A distinguished historian has said that just as the great fact in the history of England during the eighteenth century was the rise of the United States, so the great fact in the history of Eng land in the nineteenth century was the progress of Australia. And certainly that progress has been extraordinary. A Spanish admiral in 1606 was, perhaps, the first European to sight the coast of Australia. In the course of the same century Dutch seamen explored its western shore and also discovered Tasmania, whilst at the end of it came the voyage of the famous English buccaneer, Captain Dampier. But not till 1770, when Captain Cook, after exploring New Zealand, sailed along 2000 miles of the more fertile east coast, were its possibilities for Euro­pean settlement realized.2 Eighteen years later, in 1788—the year before the French Revolution broke out—the first British expedi­tion arrived at Port Jackson and laid the foundation of the colony of New South Wales. Some of the early settlers were prisoners transported by the British Government; but it must be remem­bered that in those days the penal code was very severe (p. 607), and many persons were transported for the most trivial offences, whilst others were political prisoners whose views were too advanced for the Government of that day; and before long, moreover, what undesirable elements existed were completely swamped by the number of free settlers who arrived. The colony, like other colonies, had its initial difficulties; but in 1797 Macarthur, by buying at the Cape some of the merino sheep which the King of Spain had presented to the Dutch Government, laid the foun­dation of the gigantic wool industry of Australia; whilst, later on, various discoveries enabled the colony to develop beyond the Blue Mountains, which at first seemed definitely to check its progress westward.

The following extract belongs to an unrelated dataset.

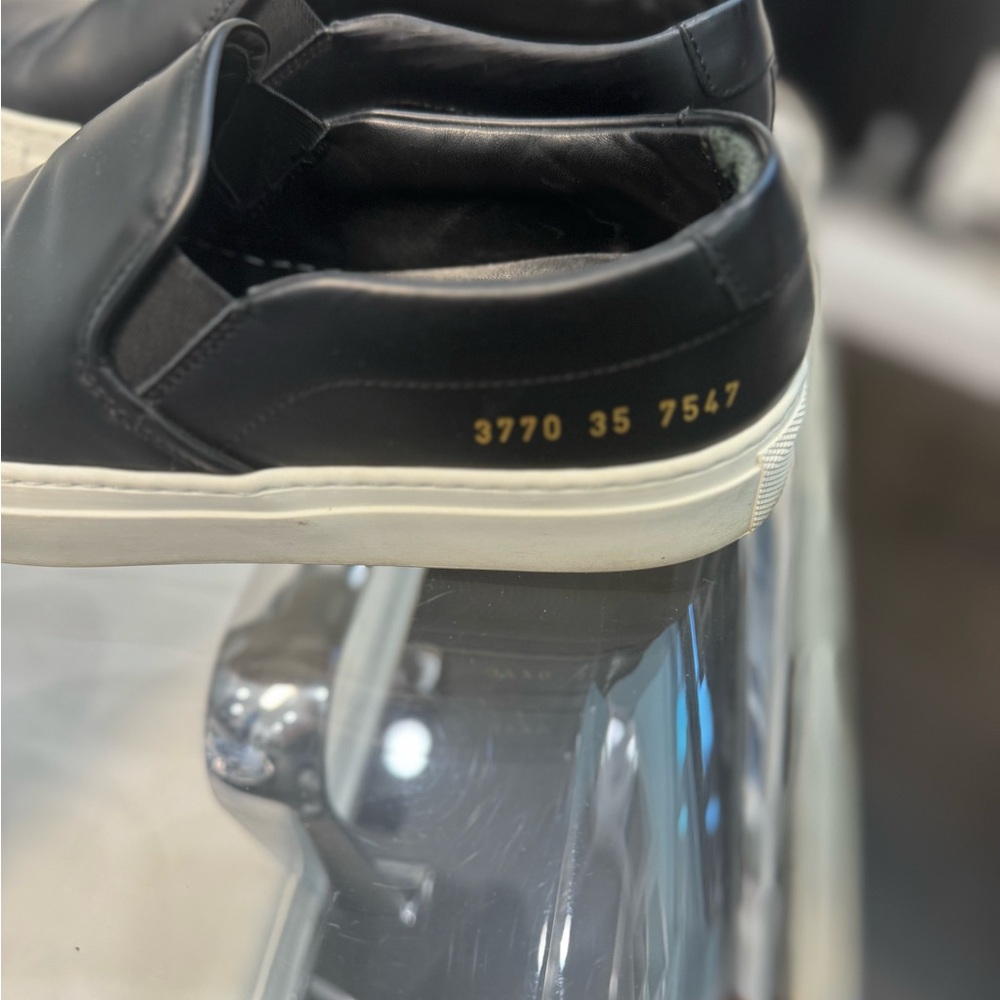 Common Projects - image 3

Gradually other colonies were formed out of the original territories of New South Wales. In Tasmania the first settlement was made in 1803. South Australia, as its capital, Adlaide, suggests, was founded in the reign of William IV. colonies. Victoria, whose capital, Melbourne, seems to perpetuate the happy connection of the Queen and her first primer minister, became a separate colony in 1851; and Queensland fol­lowed suit eight years later. Meantime the first settlement was made in the west in 1829, and developed into the colony of West Australia. In the early fifties came the discoveries of gold in New South Wales and Victoria, which led to an enormous immigration; and this was very shortly followed by the grant of self-government to nearly all the colonies (1855). To describe the later develop­ment of Australia requires a book to itself, and all we can note is that in 1900 the various provinces were federated together and became the Commonwealth of Australia.

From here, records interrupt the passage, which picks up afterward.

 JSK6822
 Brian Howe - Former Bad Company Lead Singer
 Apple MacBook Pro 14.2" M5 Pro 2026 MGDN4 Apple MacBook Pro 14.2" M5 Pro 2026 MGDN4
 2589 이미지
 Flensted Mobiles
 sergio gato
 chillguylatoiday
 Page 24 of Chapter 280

The two islands of Zealand were annexed by Great Britain in 1840. There were severe hostilities for some time with the natives, the Maoris; who fought cleverly and bravely behind their fortified stockades. The country has prospered as a British colony, and self-government was granted to it in 1855, fifty years later it became the Dominion of New Zealand. In its government and policy it is perhaps the most democratic of all the colonies in the British Empire.